*Required action*
Determine the number of lines of the records below that include "what". Respond with the number and no other text.
===== Records for processing
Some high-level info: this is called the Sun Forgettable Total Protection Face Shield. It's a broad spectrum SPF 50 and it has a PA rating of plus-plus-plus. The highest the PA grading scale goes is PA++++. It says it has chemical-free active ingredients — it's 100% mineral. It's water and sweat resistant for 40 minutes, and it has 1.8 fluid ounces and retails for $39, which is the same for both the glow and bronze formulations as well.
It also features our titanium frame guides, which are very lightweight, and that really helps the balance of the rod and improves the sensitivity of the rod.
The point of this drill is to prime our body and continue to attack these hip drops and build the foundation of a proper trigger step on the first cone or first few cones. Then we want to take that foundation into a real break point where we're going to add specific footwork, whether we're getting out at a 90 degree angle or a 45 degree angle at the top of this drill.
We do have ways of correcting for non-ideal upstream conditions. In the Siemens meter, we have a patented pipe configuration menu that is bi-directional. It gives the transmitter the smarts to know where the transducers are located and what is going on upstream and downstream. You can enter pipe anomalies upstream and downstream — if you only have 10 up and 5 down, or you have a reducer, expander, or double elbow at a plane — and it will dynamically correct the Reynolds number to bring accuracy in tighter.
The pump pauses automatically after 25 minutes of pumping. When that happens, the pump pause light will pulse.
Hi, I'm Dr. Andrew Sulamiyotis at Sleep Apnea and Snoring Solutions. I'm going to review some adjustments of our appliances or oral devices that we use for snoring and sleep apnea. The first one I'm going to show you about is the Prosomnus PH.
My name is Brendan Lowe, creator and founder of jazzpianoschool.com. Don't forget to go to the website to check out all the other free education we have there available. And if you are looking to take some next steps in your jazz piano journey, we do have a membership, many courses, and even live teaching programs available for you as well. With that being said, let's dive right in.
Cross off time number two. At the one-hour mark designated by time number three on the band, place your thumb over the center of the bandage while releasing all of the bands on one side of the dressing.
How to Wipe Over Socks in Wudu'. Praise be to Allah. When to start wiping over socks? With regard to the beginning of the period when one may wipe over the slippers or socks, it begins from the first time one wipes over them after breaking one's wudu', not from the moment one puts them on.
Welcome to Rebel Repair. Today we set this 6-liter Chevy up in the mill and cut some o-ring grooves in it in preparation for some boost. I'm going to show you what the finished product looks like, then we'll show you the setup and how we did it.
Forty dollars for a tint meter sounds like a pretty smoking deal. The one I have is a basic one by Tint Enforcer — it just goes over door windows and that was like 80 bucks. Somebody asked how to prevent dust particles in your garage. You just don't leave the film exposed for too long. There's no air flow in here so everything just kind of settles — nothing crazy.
==========
*Problem solution*
2